## TASK PROMPT
Leaving out the pictures, write the following records exactly as they read.

### INFORMATION SUPPLIED ###

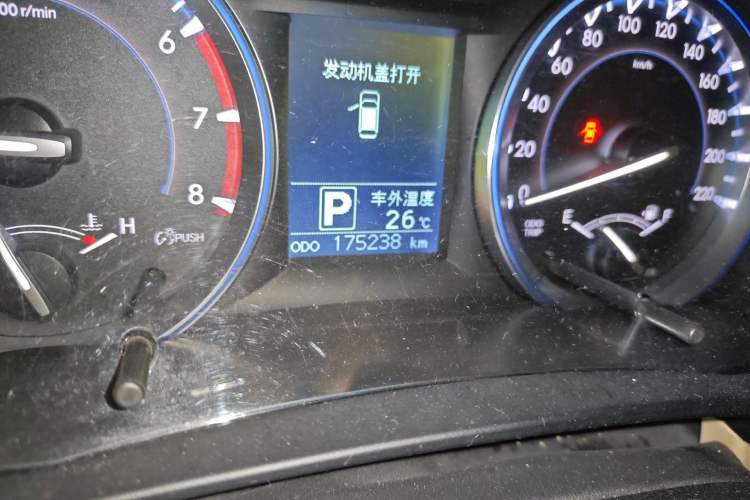 Used Toyota Highlander 2015 2.0T Two-Wheel Drive Elite Edition 7 Seats Odometer Close Up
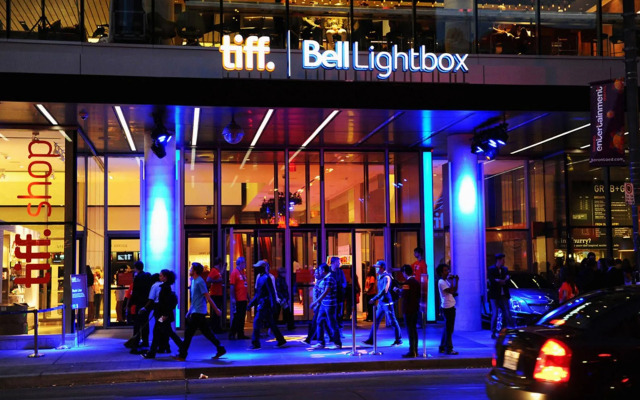 Velvet Stays – CN Tower and Convention Center
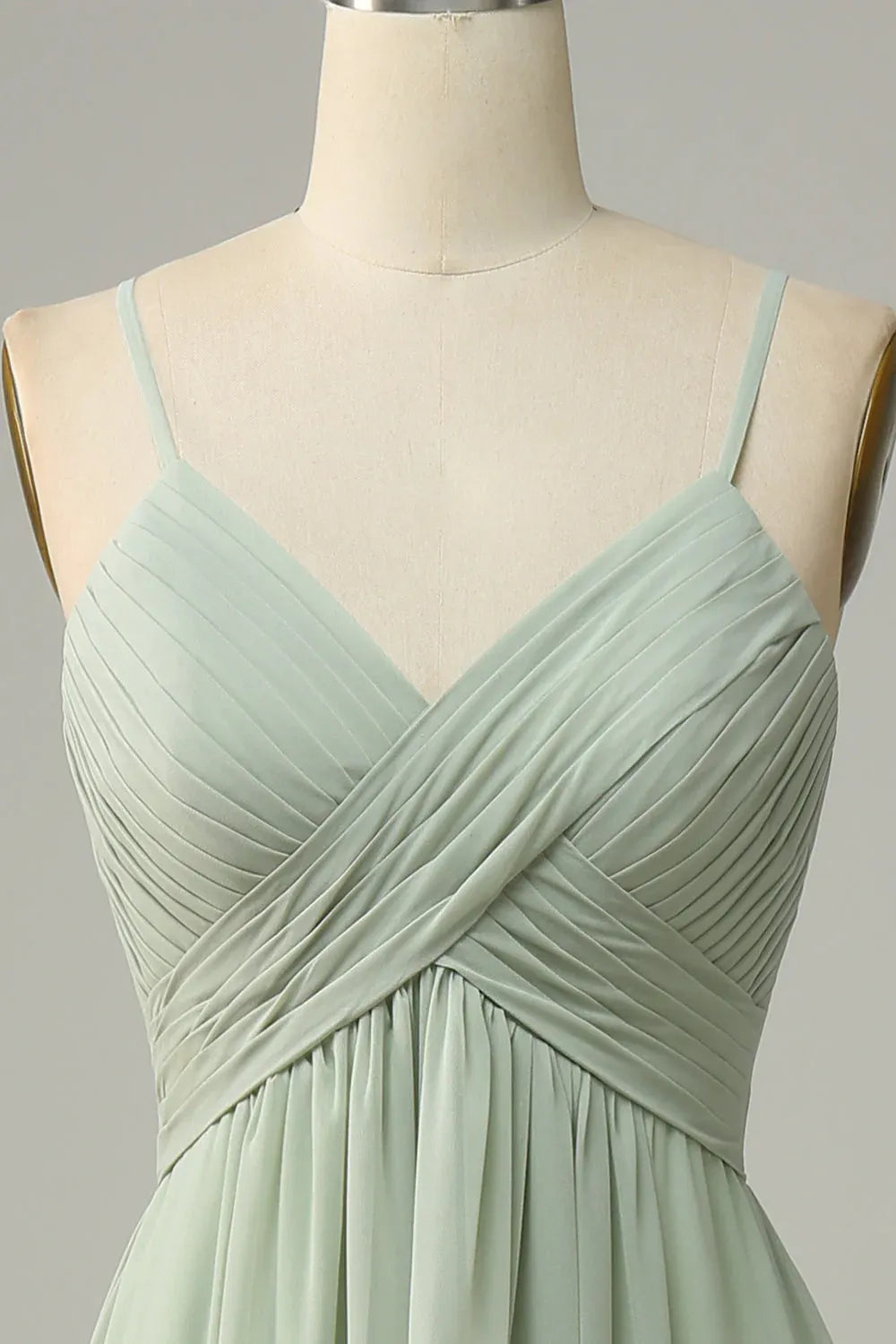 Vintage A Line Spaghetti Straps Sleeveless Pleated Floor-Length Bridesmaid Dress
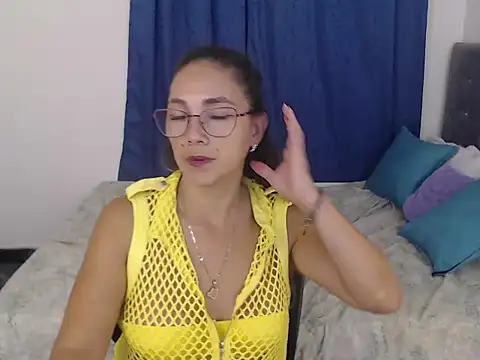 Jhoana1976 élő XXX-chatje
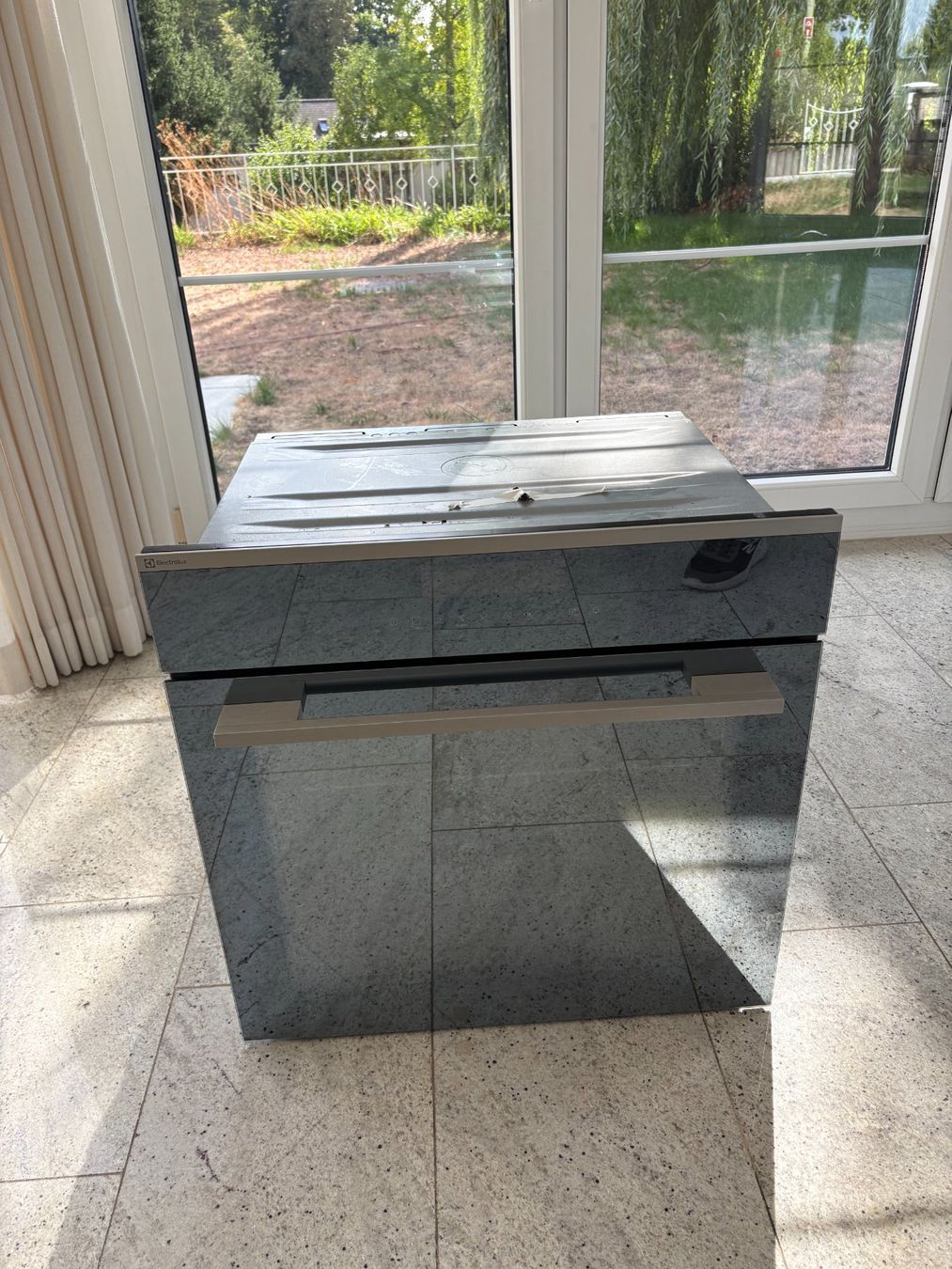 Electrolux Forni: Electrolux EB6GL40CN Einbau Backofen – Usato da Bottmingen venduto da Megyo
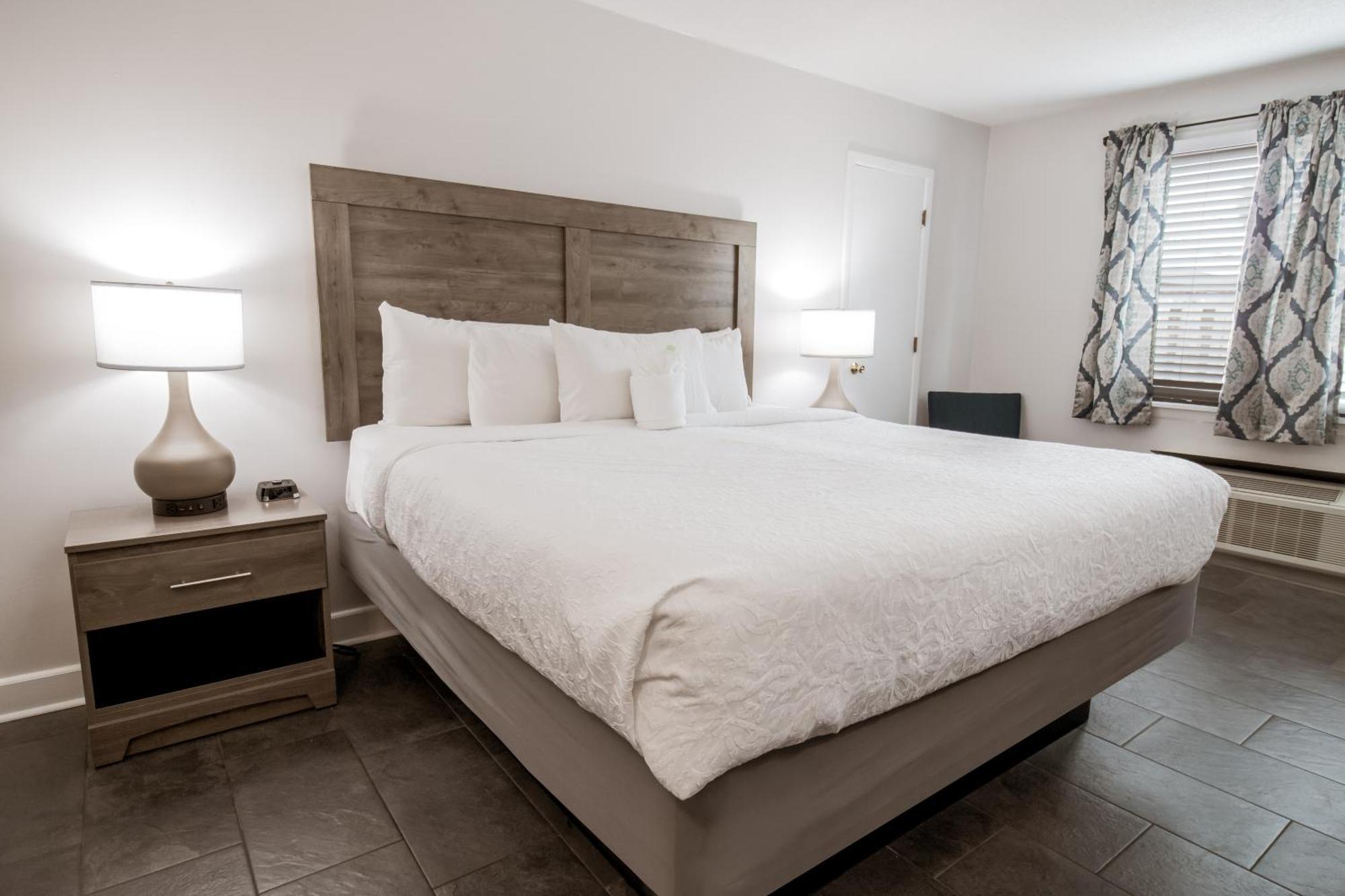 Oceanfront Litchfield Inn Полис Айлънд Екстериор снимка
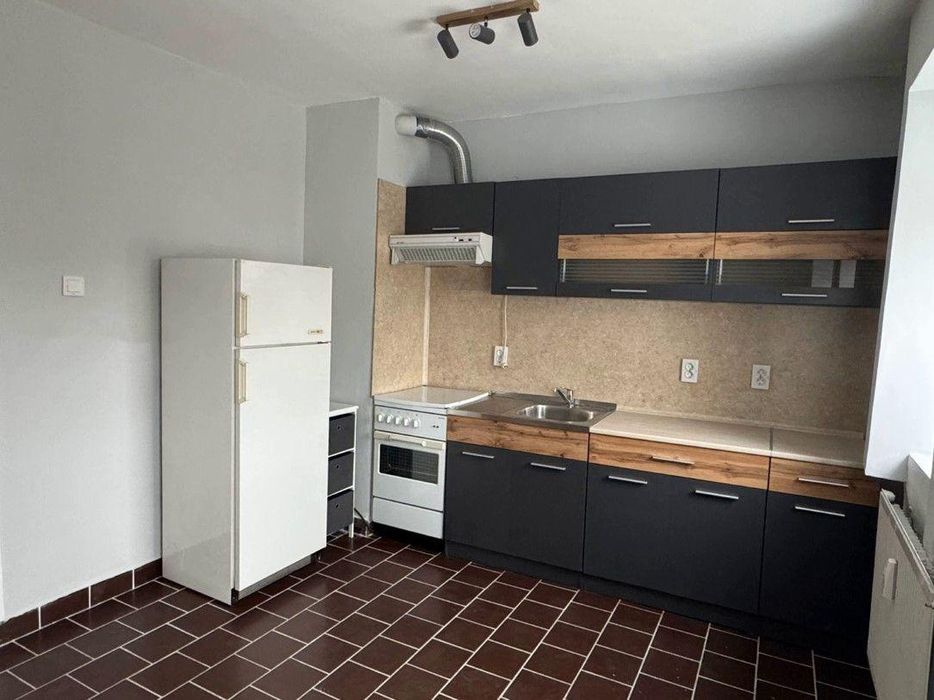 Дава се под наем Двустаен апартамент в София, Младост 4 - 84 кв.м за 649 € - Снимка #3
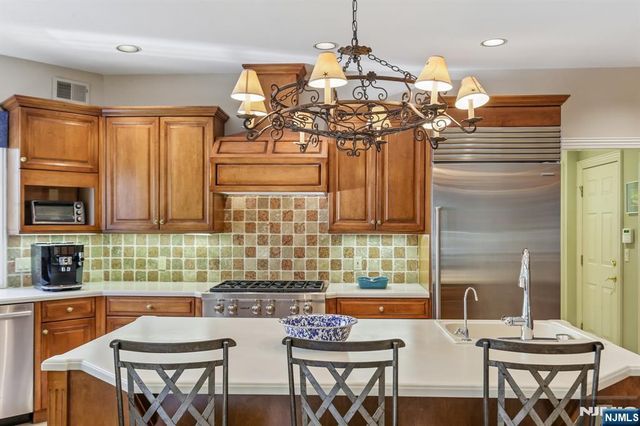 4 Fordham Road, Livingston, NJ 07039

###

## YOUR RESPONSE
 Used Toyota Highlander 2015 2.0T Two-Wheel Drive Elite Edition 7 Seats Odometer Close Up
 Velvet Stays – CN Tower and Convention Center
 Vintage A Line Spaghetti Straps Sleeveless Pleated Floor-Length Bridesmaid Dress
 Jhoana1976 élő XXX-chatje
 Electrolux Forni: Electrolux EB6GL40CN Einbau Backofen – Usato da Bottmingen venduto da Megyo
 Oceanfront Litchfield Inn Полис Айлънд Екстериор снимка
 Дава се под наем Двустаен апартамент в София, Младост 4 - 84 кв.м за 649 € - Снимка #3
 4 Fordham Road, Livingston, NJ 07039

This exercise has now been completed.